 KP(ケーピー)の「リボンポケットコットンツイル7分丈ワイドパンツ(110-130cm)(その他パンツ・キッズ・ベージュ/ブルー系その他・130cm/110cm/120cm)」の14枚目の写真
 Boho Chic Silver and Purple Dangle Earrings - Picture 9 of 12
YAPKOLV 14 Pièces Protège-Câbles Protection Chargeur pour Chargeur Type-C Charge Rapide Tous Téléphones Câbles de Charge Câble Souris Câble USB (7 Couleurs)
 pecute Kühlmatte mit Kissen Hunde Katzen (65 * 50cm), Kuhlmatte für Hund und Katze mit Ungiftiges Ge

★ ★ ★

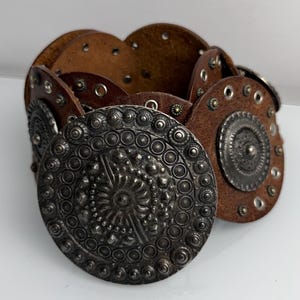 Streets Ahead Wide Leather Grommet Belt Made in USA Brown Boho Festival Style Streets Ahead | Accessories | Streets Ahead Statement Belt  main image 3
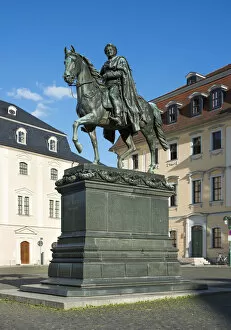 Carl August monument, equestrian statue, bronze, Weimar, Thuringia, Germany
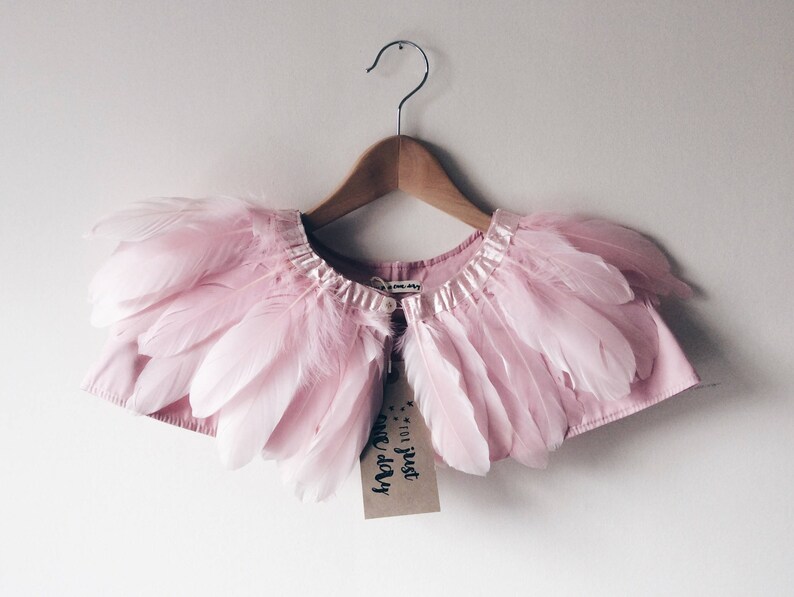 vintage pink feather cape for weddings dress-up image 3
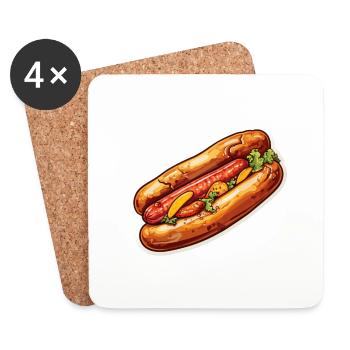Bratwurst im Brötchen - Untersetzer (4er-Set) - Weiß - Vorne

★ ★ ★

Looking at the data above, write out exactly the lines that start at the one containing "KP(ケーピー)の「リボンポ" and end at the one containing "pecute Kühlmatte mit"; include both and nothing beyond.

 KP(ケーピー)の「リボンポケットコットンツイル7分丈ワイドパンツ(110-130cm)(その他パンツ・キッズ・ベージュ/ブルー系その他・130cm/110cm/120cm)」の14枚目の写真
 Boho Chic Silver and Purple Dangle Earrings - Picture 9 of 12
YAPKOLV 14 Pièces Protège-Câbles Protection Chargeur pour Chargeur Type-C Charge Rapide Tous Téléphones Câbles de Charge Câble Souris Câble USB (7 Couleurs)
 pecute Kühlmatte mit Kissen Hunde Katzen (65 * 50cm), Kuhlmatte für Hund und Katze mit Ungiftiges Ge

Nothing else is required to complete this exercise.